■ **Supplied material**:

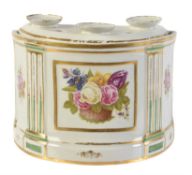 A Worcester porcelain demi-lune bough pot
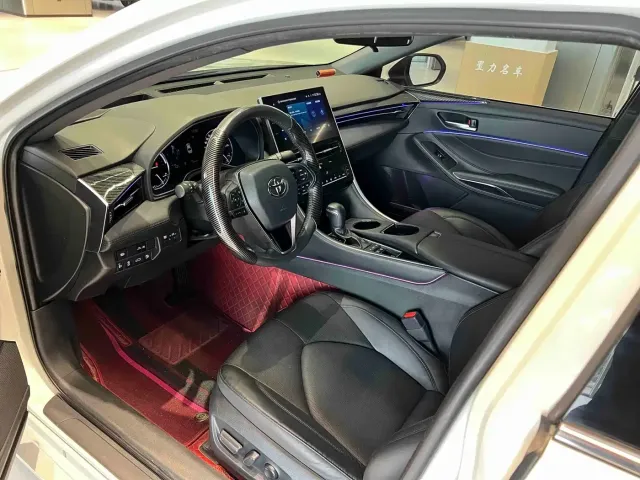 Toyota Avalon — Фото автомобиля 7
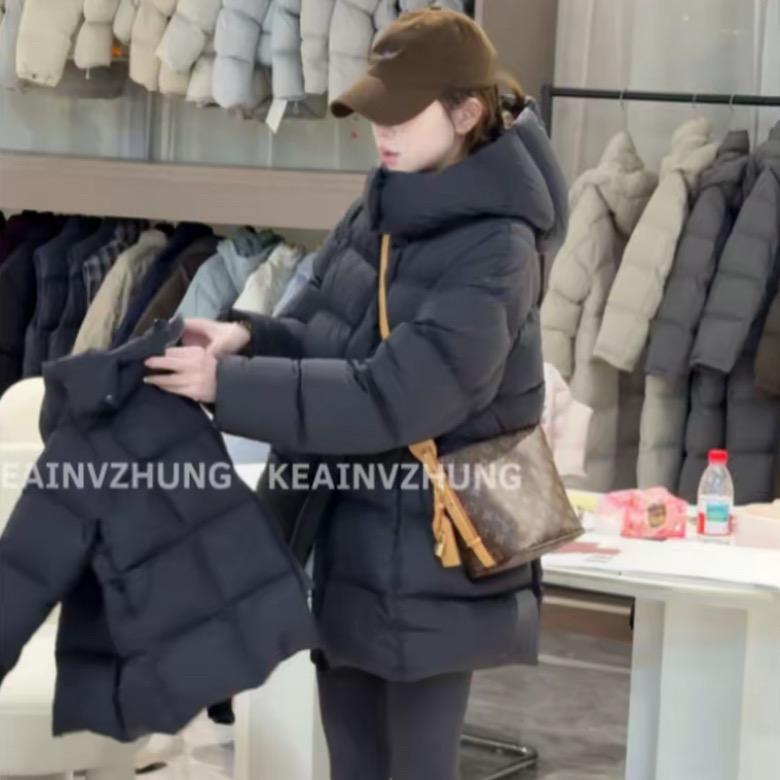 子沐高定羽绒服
...
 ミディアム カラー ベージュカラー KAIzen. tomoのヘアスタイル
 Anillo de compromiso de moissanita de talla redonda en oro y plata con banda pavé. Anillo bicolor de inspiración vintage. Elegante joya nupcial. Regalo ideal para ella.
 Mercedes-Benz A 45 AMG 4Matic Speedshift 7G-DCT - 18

■ **Exercise aim**:
Reproduce exactly the stretch of the material above that starts at the line with "Anillo de compromiso" and ends at the line with "Mercedes-Benz A 45", both included, and nothing else.

■ **Written response**:
 Anillo de compromiso de moissanita de talla redonda en oro y plata con banda pavé. Anillo bicolor de inspiración vintage. Elegante joya nupcial. Regalo ideal para ella.
 Mercedes-Benz A 45 AMG 4Matic Speedshift 7G-DCT - 18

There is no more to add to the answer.